Search code examples
perllibxml2xml-libxml

XML::LibXML - XPath - namespace


Have such XML file - t.xml

<?xml version="1.0"?>
<ArrayOfFiles xmlns="Our.Files" xmlns:i="http://www.w3.org/2001/XMLSchema-instance">
        <File>
                <DownloadCount>1</DownloadCount>
                <Id>11</Id>
        </File>
        <File>
                <DownloadCount>2</DownloadCount>
                <Id>22</Id>
        </File>
</ArrayOfFiles>

The xmlns declaration is invalid, the xmlstarlet complains about it, e.g. using:

xmlstarlet sel -t -v "//File/Id" t.xml

prints

t.xml:2.32: xmlns: URI Our.Files is not absolute
<ArrayOfFiles xmlns="Our.Files" xmlns:i="http://www.w3.org/2001/XMLSchema-instan

Probably for the same reason I can't get work the following perl code too:

use 5.014;
use warnings;
use XML::LibXML;

my $dom = XML::LibXML->new->parse_file('t.xml');
my $res = $dom->findnodes('//File/Id');
say $_->textContent for $res->get_nodelist;

When I omit the xmlns declarations, e.g. trying to parse this modified XML file

<?xml version="1.0"?>
<ArrayOfFiles>
    <File>
        <DownloadCount>1</DownloadCount>
        <Id>11</Id>
    </File>
    <File>
        <DownloadCount>2</DownloadCount>
        <Id>22</Id>
    </File>
</ArrayOfFiles>

The above code DWIM - and prints:

11
22

The question is, how to parse the original XML file, because it is downloaded from the external site - so I must deal with it somewhat...


Solution

  • That's just a warning.
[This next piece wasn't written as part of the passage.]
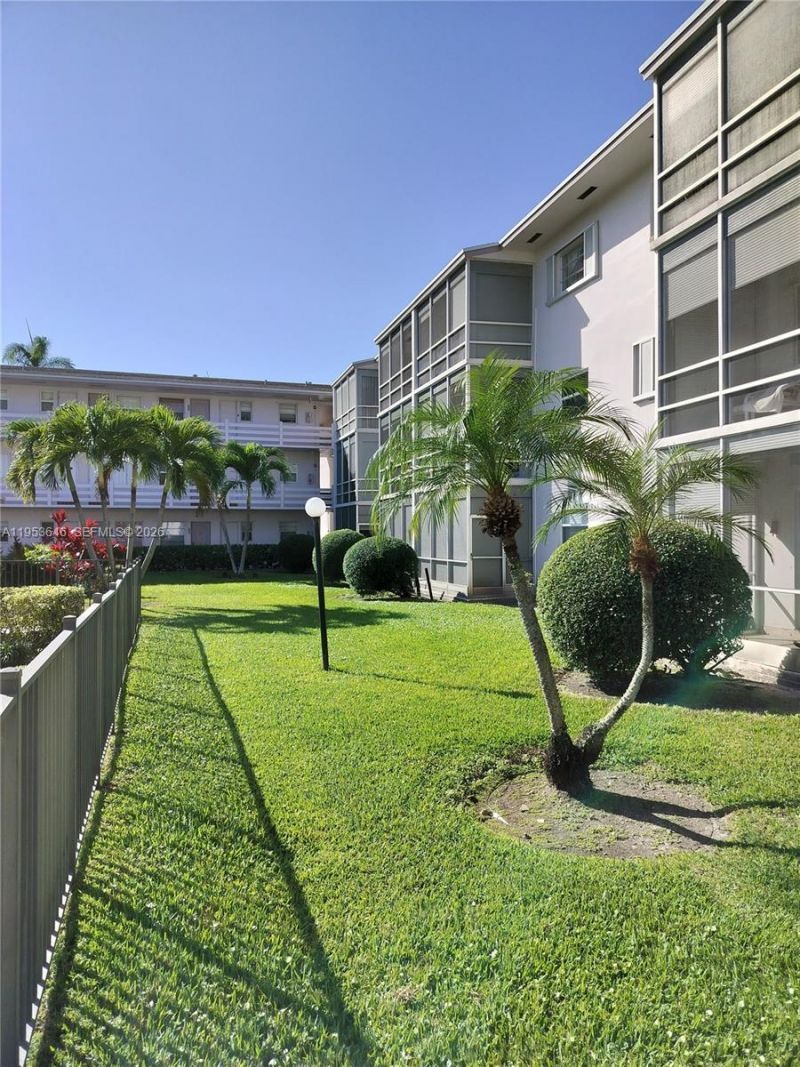 700 Layne Blvd, Unit 214, Hallandale Beach, FL 33009 Photo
When working with XML namespaces, use XML::LibXML::XPathContext:

    #!/usr/bin/perl
    use warnings;
    use strict;
    use feature qw{ say };
    
    use XML::LibXML;
    use XML::LibXML::XPathContext;
    
    
    my $dom = 'XML::LibXML'->load_xml(location => shift);
    
    my $xpc = 'XML::LibXML::XPathContext'->new($dom);
    $xpc->registerNs(o => 'Our.Files');
    
    my $res = $xpc->findnodes('//o:File/o:Id');
    say $_->textContent for $res->get_nodelist;